Tek çözüm vardır o da AKP-MHP faşist iktidarının yıkılmasıdır. AKP’nin ortaya çıkardığı siyasetçi profillerin toplumu gerilettiği, toplumu aptal yerine koyduğu ve nesneleştirdiği bilinmektedir. Bu tarz siyaset Türkiye toplumunu Türkiye’den kaçırtmakta, Türkiye’yi giderek sadece egemenler ve kölelerin barınacağı bir kampa çevirmektedir. Tarih boyunca uygarlıklar karşısında direnen, egemenliklere karşı mücadele eden komutanlar hep söylerler. Düşmanım olacaksa bile akıllı olsun derler.

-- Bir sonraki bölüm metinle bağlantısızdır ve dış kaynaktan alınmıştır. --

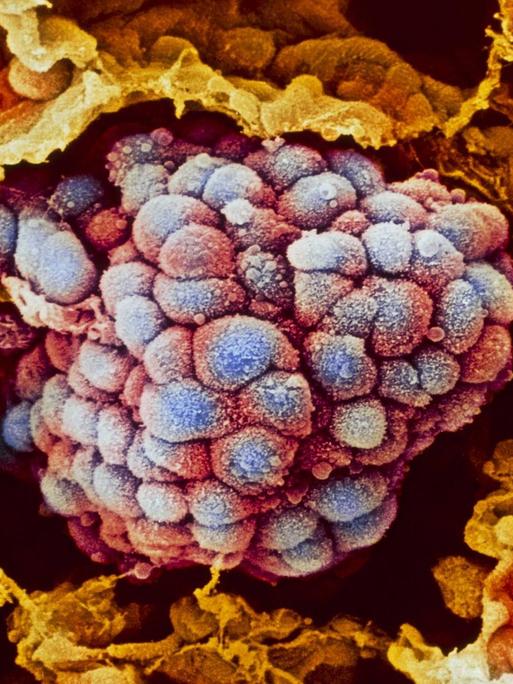 Kolorierte Aufnahme eines Lungen-Tumors unter dem Rasterelektronenmikroskop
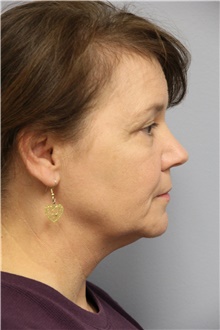 Facelift Before Photo by Carlos Rivera-Serrano, MD; Bay Harbour Islands, FL - Case 44614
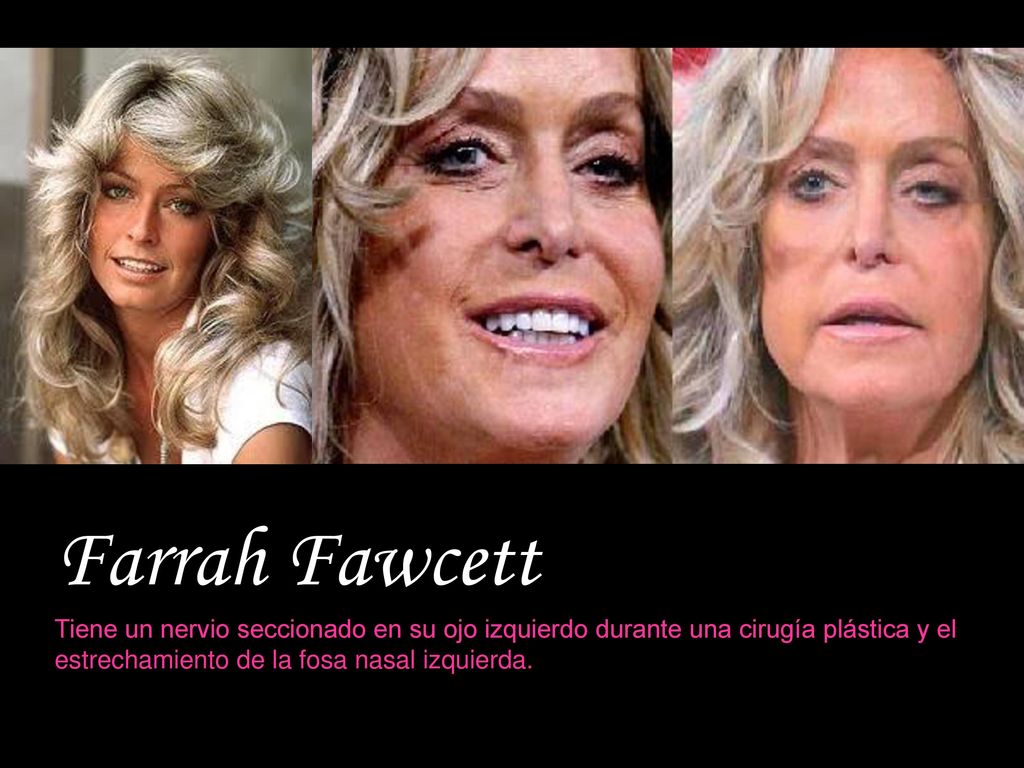 Farrah Fawcett - teve um nervo no olho esquerdo seccionado durante uma das cirurgias plásticas e estreitamento da narina esquerda.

2019 YILINI MEDETLE BİTİRDİLER, 2020 YILINA MEDET ÇIĞLIKLARIYLA GİRDİLER

ABD’nin katlettiği Kasım Süleymani’nin cenazesini milyonlar karşıladı. Peki, Türkiye’de kendisi bir mezar kazıcısı gibi ortalıkta dolaşarak askerden, anaların dizinden medet dileyen, yalvaran Süleyman’ın cenazesini kaç kişi karşılar? Zorunlu devlet erkanı dışında kimse katılmaz cenazesine. Böylelerinin cenaze zamanını kıldıracak hoca bile bulacağı şüphelidir. Zira öldükleri an saltanatları bitecektir. Erdoğan-Bahçeli ikilisinin adamıdır bu. Bu iki faşist diktatörün Türkiye insanına layık gördüğü Bakan budur. AKP-MHP’nin yönetici profili budur. Ve toplumu kendi konumlarından çok daha geriye çekmektedirler. Bundan dolayı AKP-MHP hükümeti gitmelidir.

İranlı General Kasım Süleymani ABD saldırısıyla katledildi. Oysa Ortadoğu’da esas gitmesi gereken Süleyman her an ona verilmiş soyadını boşa çıkarmanın acizliğini yaşayan biridir. Bu Süleyman öyle savaşmış değil, bir ülküsü yok, bir toplumsal değeri yok, bir inancı yok, mafyavari bir tarzda bir konuma gelmenin kendini kaybetmişliğinde ve bu konumu korumanın pervasızlığındadır. Bu Süleyman 2019 yılını medet ile bitirdi. 2020 yılına medet çığlıklarıyla girdi. Bir grup askeri ziyaret ederek fotoğraf çektirdi ve askerden medet uman yalvarışlarını yineledi.

Bir içişleri bakanı olarak darbeleyle itibarsızlıştırdıkları, komutanını kendilerine sözcü yaptıkları bir ordunun bir küçük birliğinden medet dilendi. “Bu PKK’yı bitirin de kurtulalım, hadi silin artık” dedi. Ardından da kaç bahar bitirme sözü verdiğini ve askere yalvarışlarını unutarak 2020 yılında PKK’yi bitireceğinin sözünü halka bir daha verdi. Anaların dizinde yalvar yakar görüntü vermeyi acizlik mi, güçlülük mü sandığı da bir muamma. Nihayetinde normal olmayan davranışlar AKP iktidarınca sergilenmeye devam ediyor. İktidarın bu haleti ruhiyesini izleyen halk ise tümden ne yapacağını bilmez durumdan intihar durumuna geçti. Türkiye’deki tüm intiharlar katliamdır ve bu katliamların sorumlusu AKP-MHP faşizminin saldırganlığıdır. Bunun tek çözümü, demokratik uluslaşma temelinde farklılıkların birlik içinde yaşayacağı sistemler kurmaktır.